French candidates disappear from screens

2012-03-28 17:27

Paris - Like most modern election races, the start of France's presidential battle was dominated by televised rallies and debates but, with four weeks to go, the candidates are disappearing from screens.

French election law obliges broadcasters to respect a strict parity in the amount of time accorded to each of the 10 candidates on the ballot for the April 22 first round of voting, regardless of their real chances.

So, with the official campaign under way, anti-capitalist revolutionary Philippe Poutou - trailing with less than 0.5% in opinion polls - enjoys as much airtime as the Socialist frontrunner Francois Hollande.

Centre-right incumbent Nicolas Sarkozy is allowed a little more space if he is making a presidential statement on government or national business, but his hours-long campaign rallies are no longer carried live.

On Tuesday, no less than three channels accorded conspiracy theorist Jacques Cheminade interviews - in one of which he compared US President Barack Obama to Adolf Hitler - in order to fulfil their fair-play requirement.

In February, nine broadcasting news directors signed a joint protest.

Journalistic criteria

"This situation does not exist among our European partners, which are no less democratic than France, and does not concern the press nor the internet, which are just as important news sources as broadcasters," they complained.

Several networks have complained that they are no longer able to judge items according to their usual journalistic criteria, prioritising appearances by candidates who have a chance of putting their agendas into action.

Hollande has enjoyed a clear lead in opinion polls for several months, although Sarkozy remains an able campaigner and some surveys show him drawing level as polling day nears, at least in first round voting intentions.

Once the first round hurdle is out of the way, the two frontrunners will enjoy two weeks of shared blanket television coverage including head-to-head debates.
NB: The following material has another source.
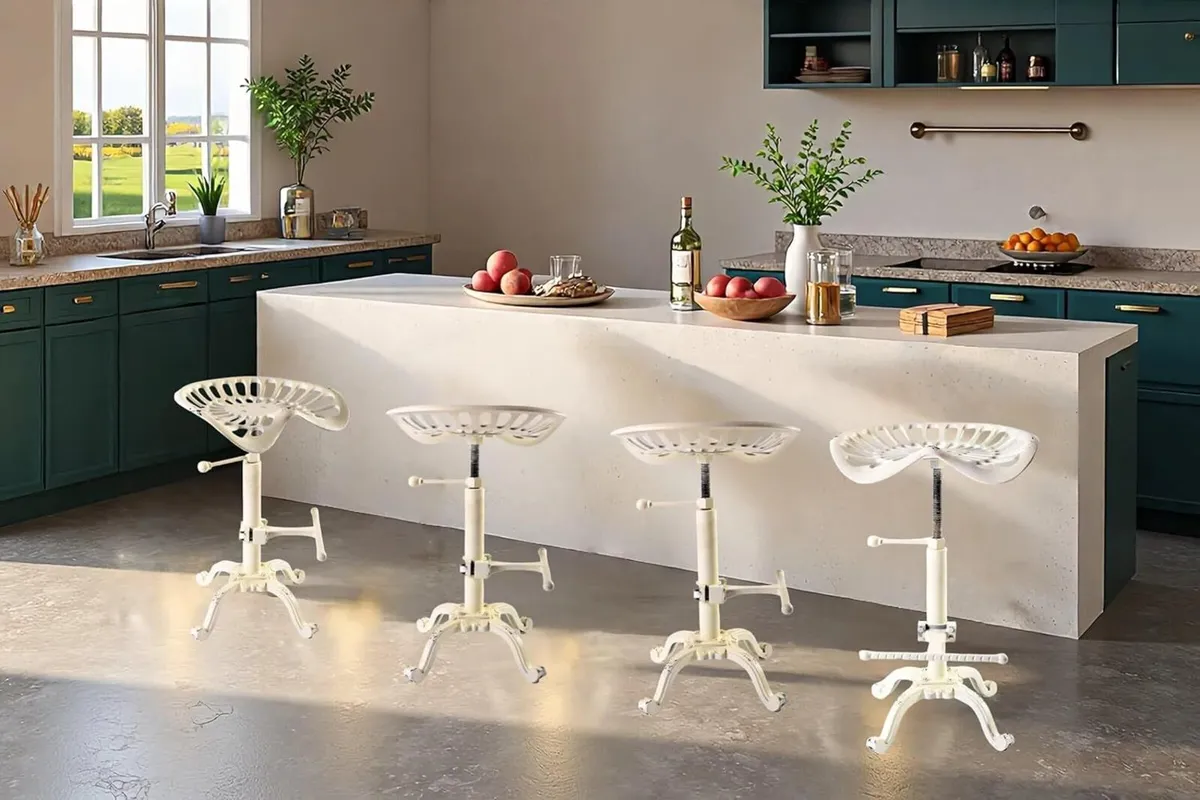 Vintage Industrial Bar Stools Cast Iron Tractor - Image 3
Until then, they jostle for space with the 0.5 percenters.

The candidates knew the rules, however, and some played their cards well. Sarkozy, in particular, made sure that he held his first major rallies well before the official campaign. Rolling news networks carried them live.

Jean-Luc Melenchon, candidate of a "Left Front" coalition including the Communists, held a successful televised rally in Paris' iconic Place de la Bastille just before the deadline and won a significant bump in the polls.

Protecting debate

But centrist Francois Bayrou held a major set-piece event last weekend in a bid to re-launch his flagging challenge, and was barely seen or heard outside the Zenith conference hall in Paris.

"We're covering less politics, it's totally absurd," declared Arlette Chabot, news director of private radio station Europe 1.

But not everyone agrees the rules are wrong. Social scientist Dominique Wolton argues the rule protects a debate of ideas and tests the candidates' ability to renew their message over the long-haul to polling day.

"It is mainly the 24-hour rolling news channels, who are fiercely competitive, that complain," he said. "These networks don't hesitate to broadcast footage provided by the candidates themselves."

For Wolton, the fairness rules protect the minor candidates' messages from being entirely drowned out by showmanship of the big party machines.

And events can always intrude. Last week France was shaken by a series of murders by an Islamist extremist and his subsequent death in a hail of police bullets - news that would dominate broadcasts at any time.

No maths shake-up

Sarkozy, as the still serving head of state, was able to legitimately take to the airwaves to speak on behalf of the nation at ceremonies of remembrance and to declare new security measures.

Pollsters said however that the attacks do not seem to have shaken up the electoral maths. Most voters surveyed continue to regard jobs and household spending power as the main issues, areas where Hollande is strong.

Frederic Dabi of the polling institute Ifop confirmed that the rules of the official campaign period tended to help the trailing pack reinforce their first round scores, but do not seem to reverse earlier electoral logic.

And while the television and radio exchanges might become a little muted, the political debate rages on in the press and on the internet.